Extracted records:
________________

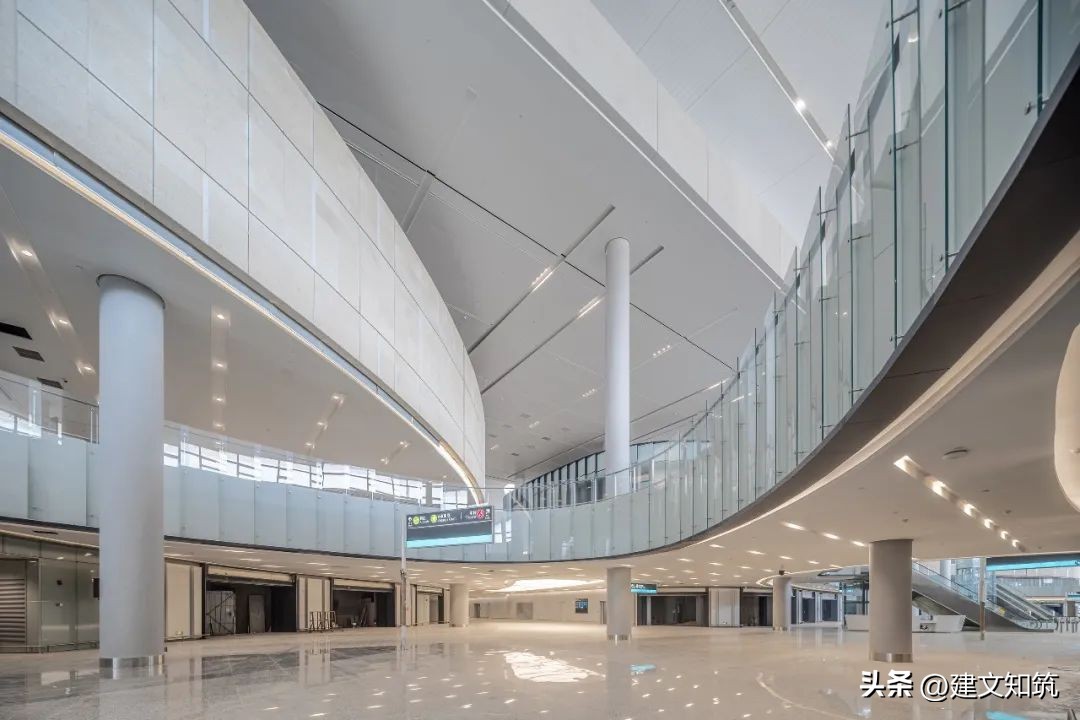 杭州萧山国际机场三期设计方案,杭州萧山机场三期项目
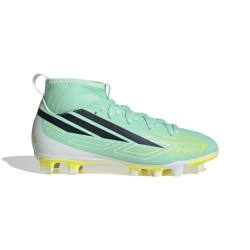 adidas F50 Club Hyperfast Mid FG/MG Junior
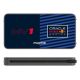 3. Mophie Powerstation Plus 10K Red Bull Racing MV1 Power Bank – 10000mAh power bank with integrated USB-C and Lightning cables (1x USB-C port)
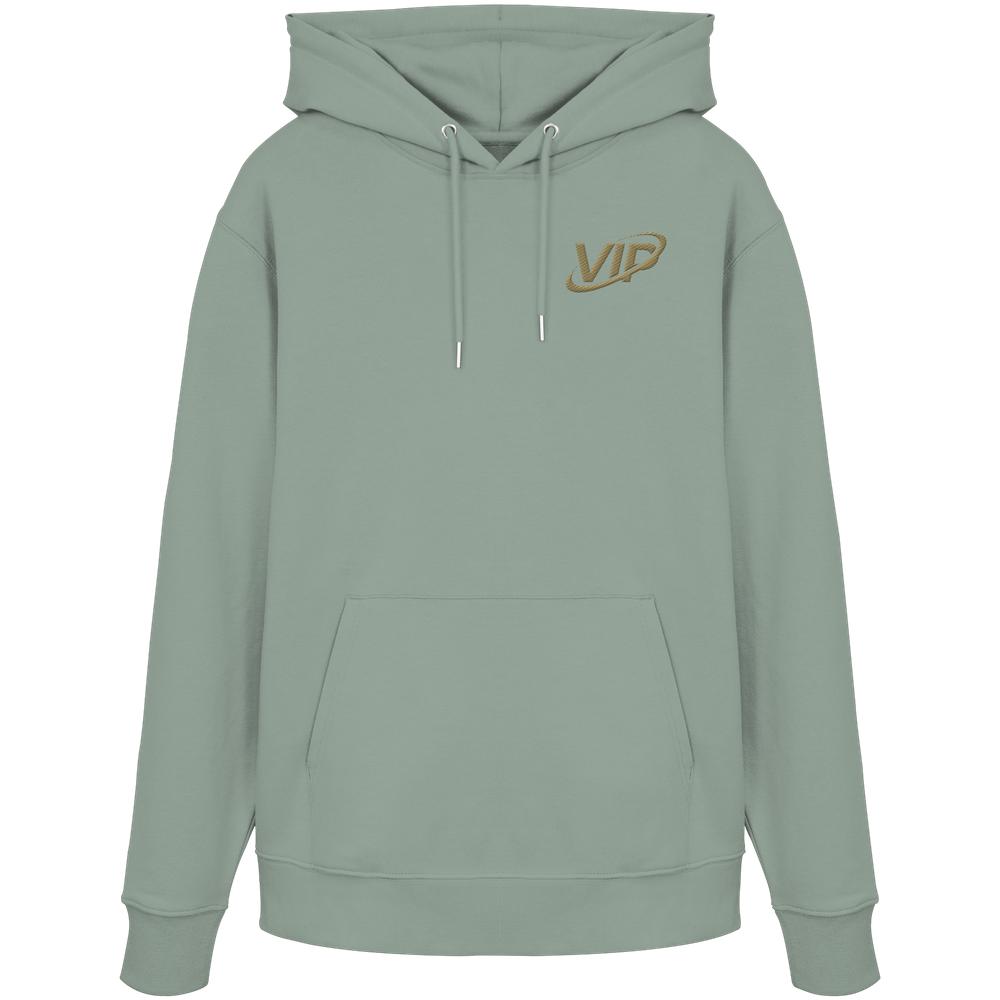 Hoodie - London - Organic Hoodie – Bild 22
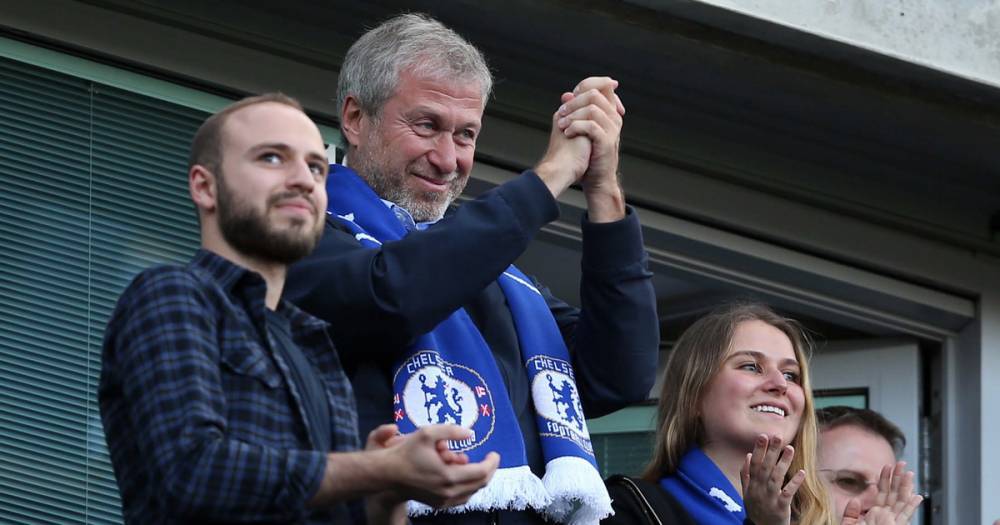 Chelsea board member gives rare insight into Roman Abramovich's leadership at club - dailystar.co.uk - Russia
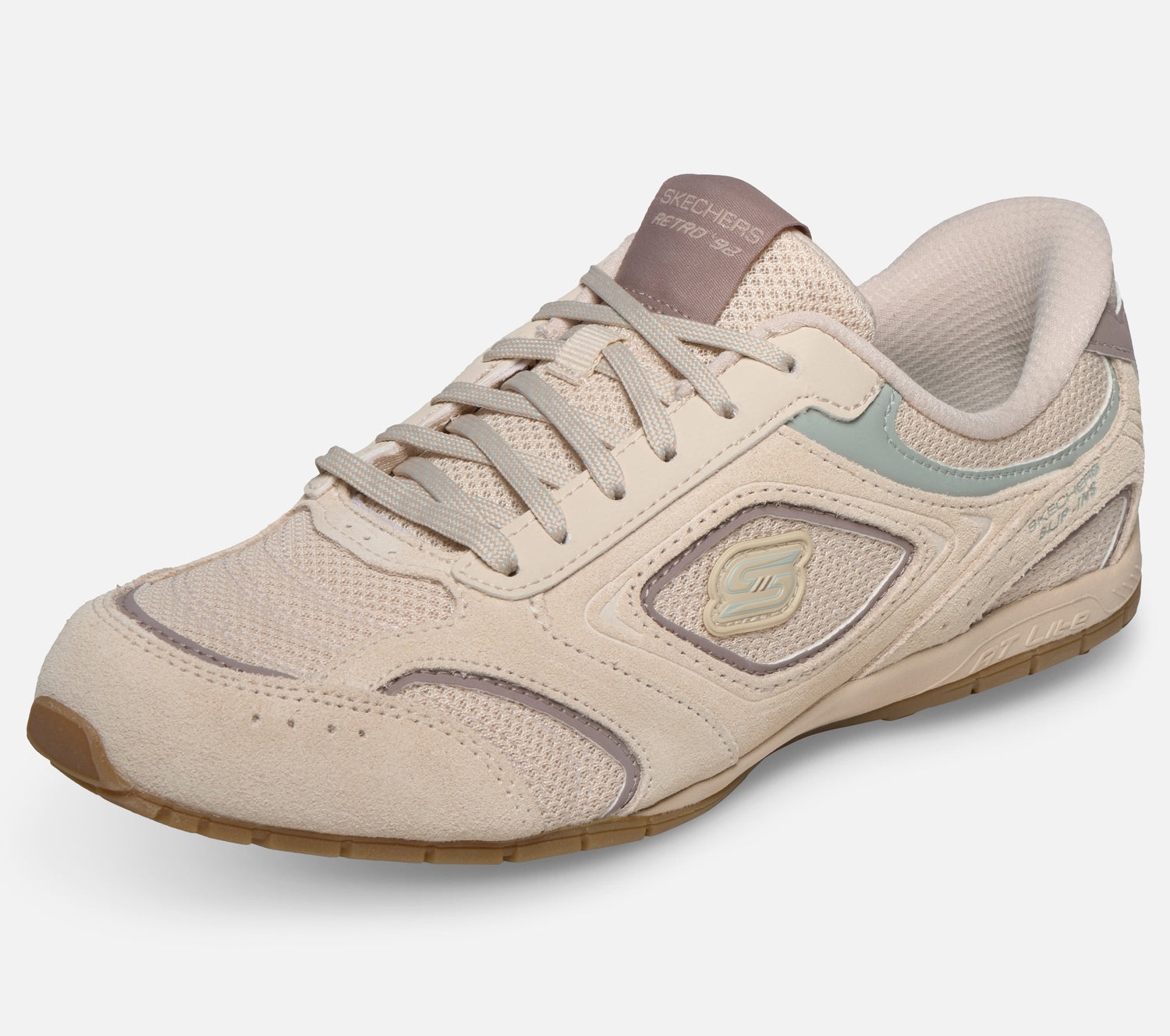 Slip-ins: Retro Lite Shoe Skechers.dk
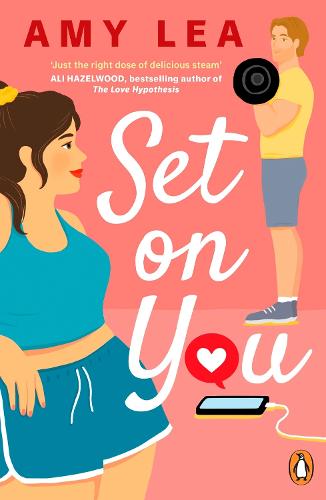 Set On You (Paperback)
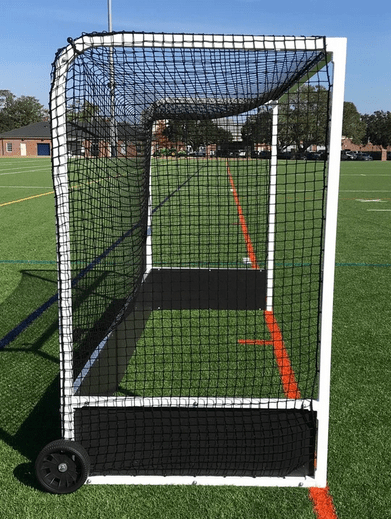 Field Hockey League Goal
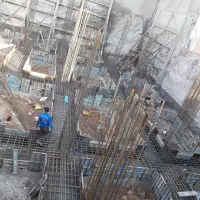 آرماتوربندی دیوارسقف|خدمات پیشه و مهارت|سبزوار, قصبه غربی|دیوار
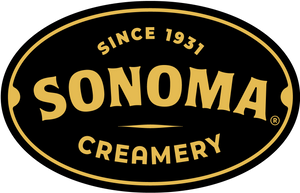 Sonoma Creamery logo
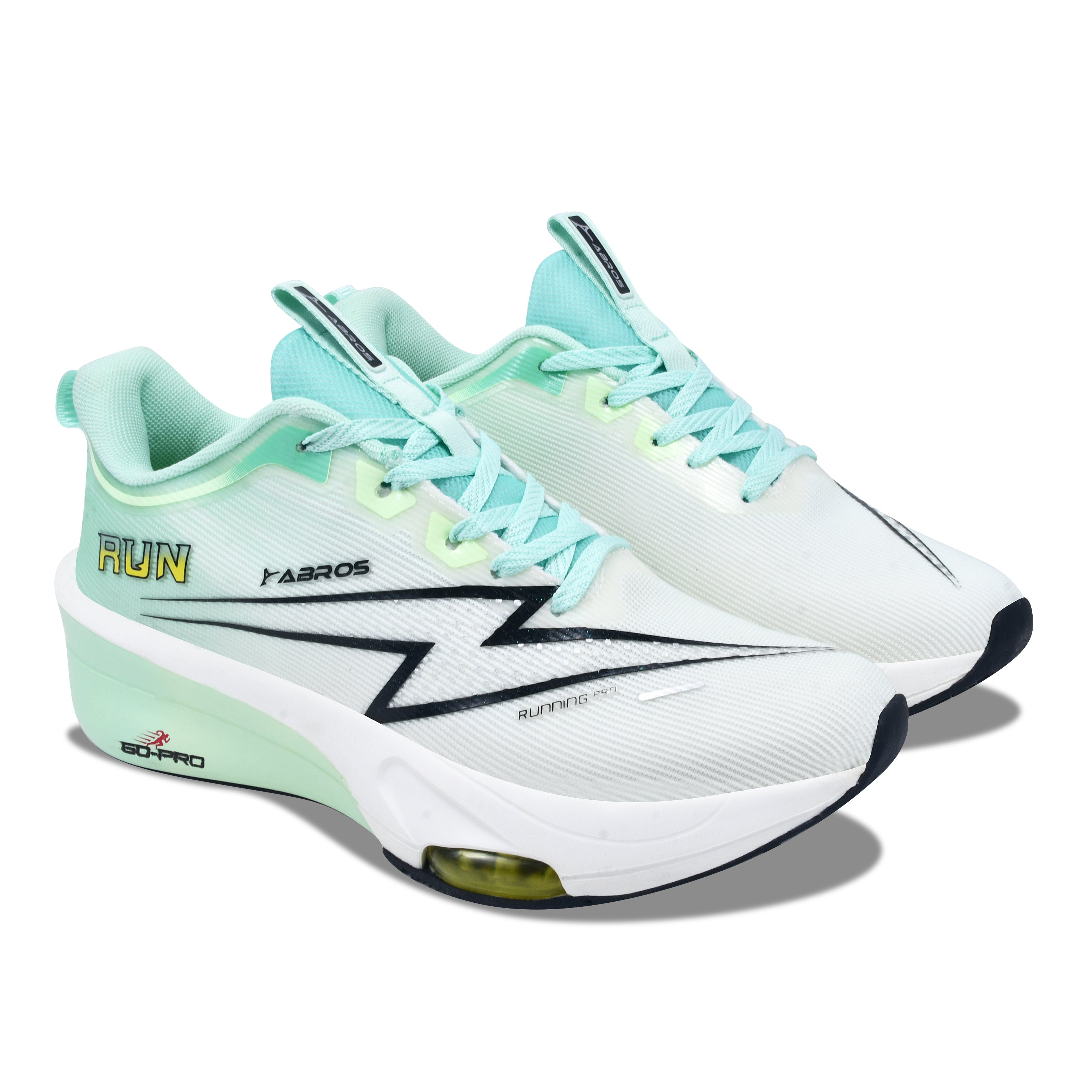 BRAVA-PRO Sports Shoes For Men - Abros Sports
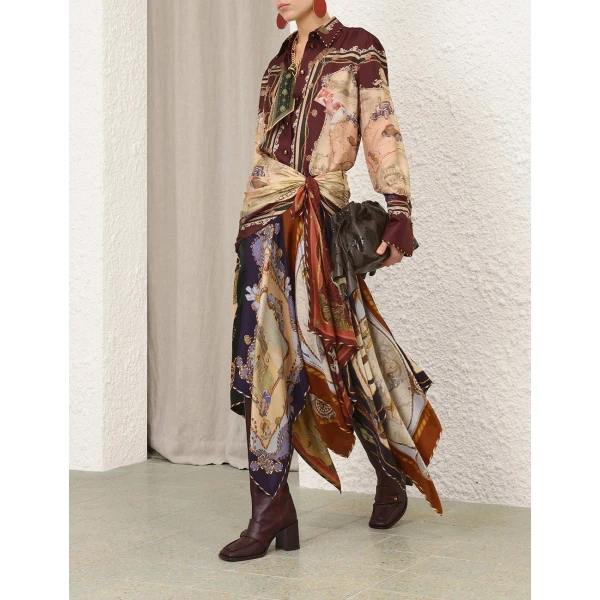 Zimmermann skirts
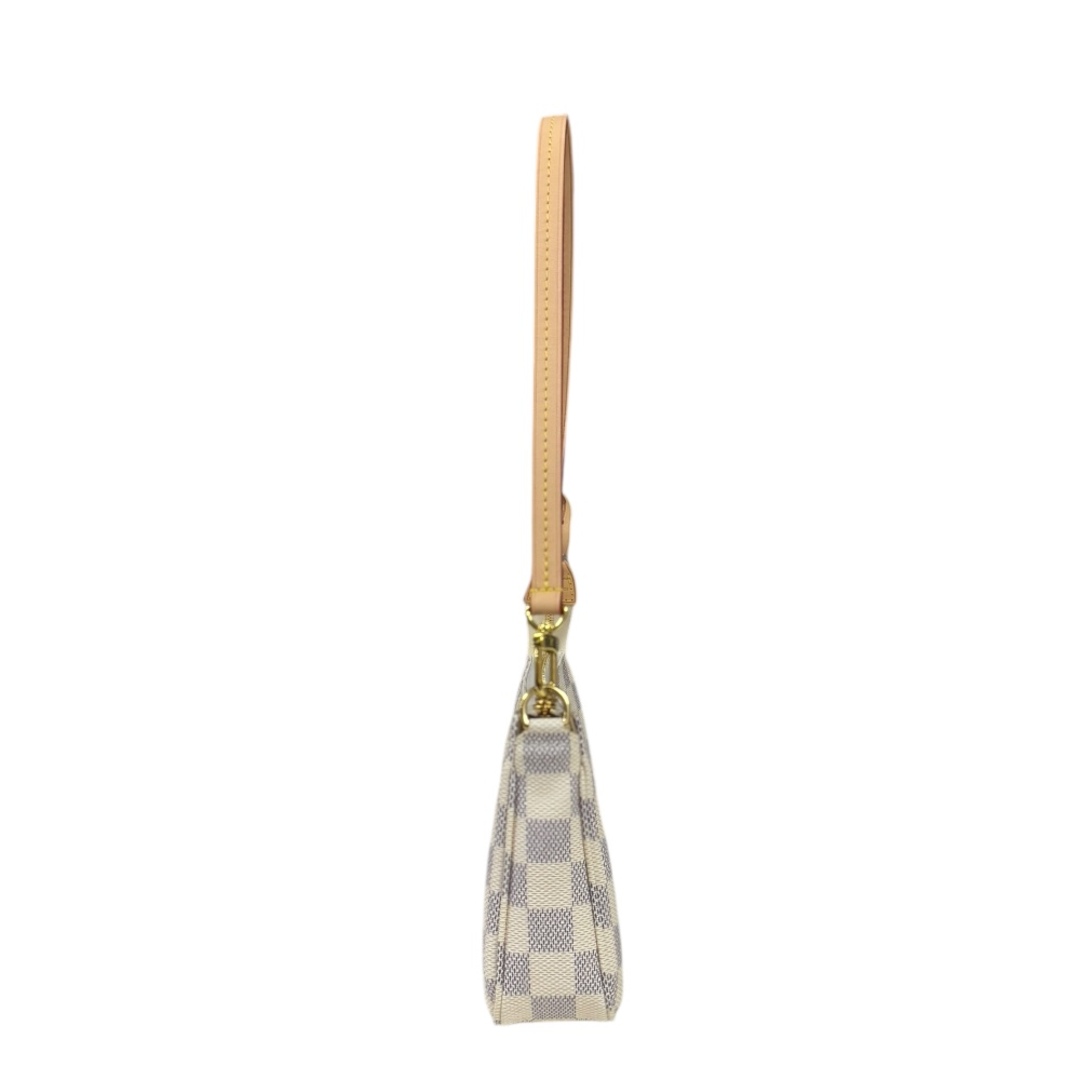 LOUIS VUITTON - ルイヴィトン ポシェット アクセソワール LOUIS VUITTON - ルイヴィトン ポシェット アクセソワール
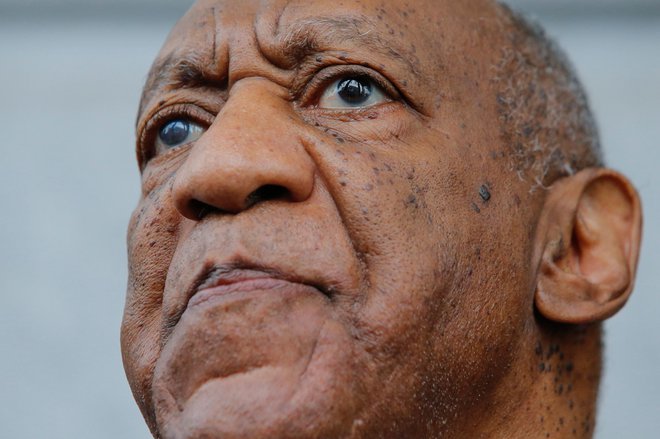 Cosbyjevi odvetniki pričakujejo, da bodo kazen omilili. FOTO: AFP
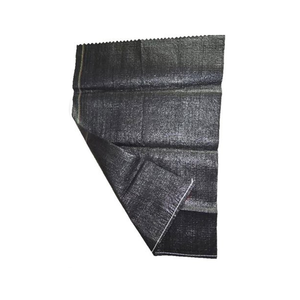 Offre Spéciale vrac 25Kg et 50Kg sacs de construction en polypropylène tissés emballage vide pour l'impression en plastique de gravier - Product Image 3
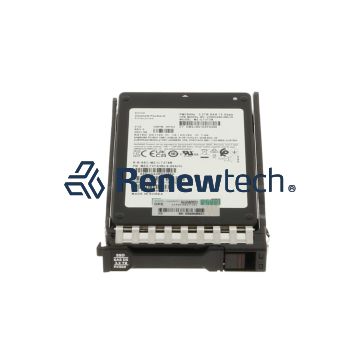 HP 3.2TB SAS 12G MU SSF BC SSD for G10+/G11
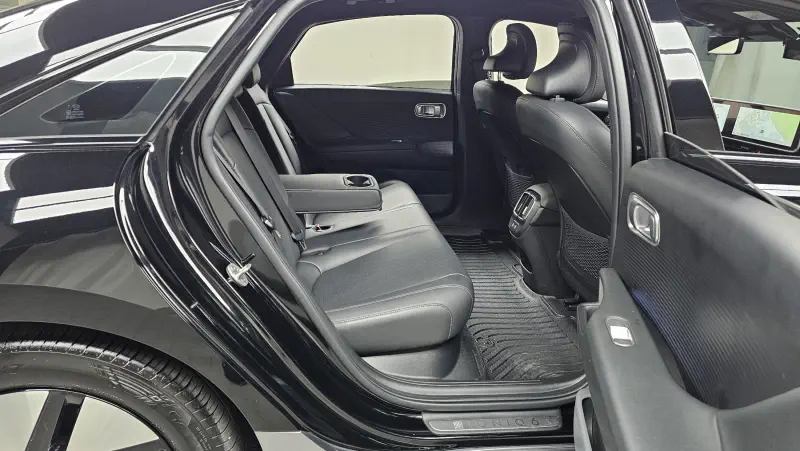 Hyundai Ioniq 6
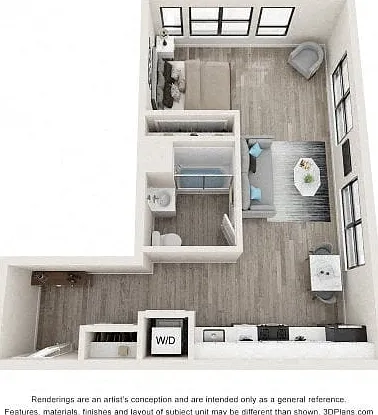 The Raven Residences — Photo 69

________________

▸ **About this task**: Reproduce only the lines from the first line of the entries through the line containing "Field Hockey League Goal", exactly and with both ends kept. Omit the pictures.

▸ **Answer to this task**:
 杭州萧山国际机场三期设计方案,杭州萧山机场三期项目
 adidas F50 Club Hyperfast Mid FG/MG Junior
 3. Mophie Powerstation Plus 10K Red Bull Racing MV1 Power Bank – 10000mAh power bank with integrated USB-C and Lightning cables (1x USB-C port)
 Hoodie - London - Organic Hoodie – Bild 22
 Chelsea board member gives rare insight into Roman Abramovich's leadership at club - dailystar.co.uk - Russia
 Slip-ins: Retro Lite Shoe Skechers.dk
 Set On You (Paperback)
 Field Hockey League Goal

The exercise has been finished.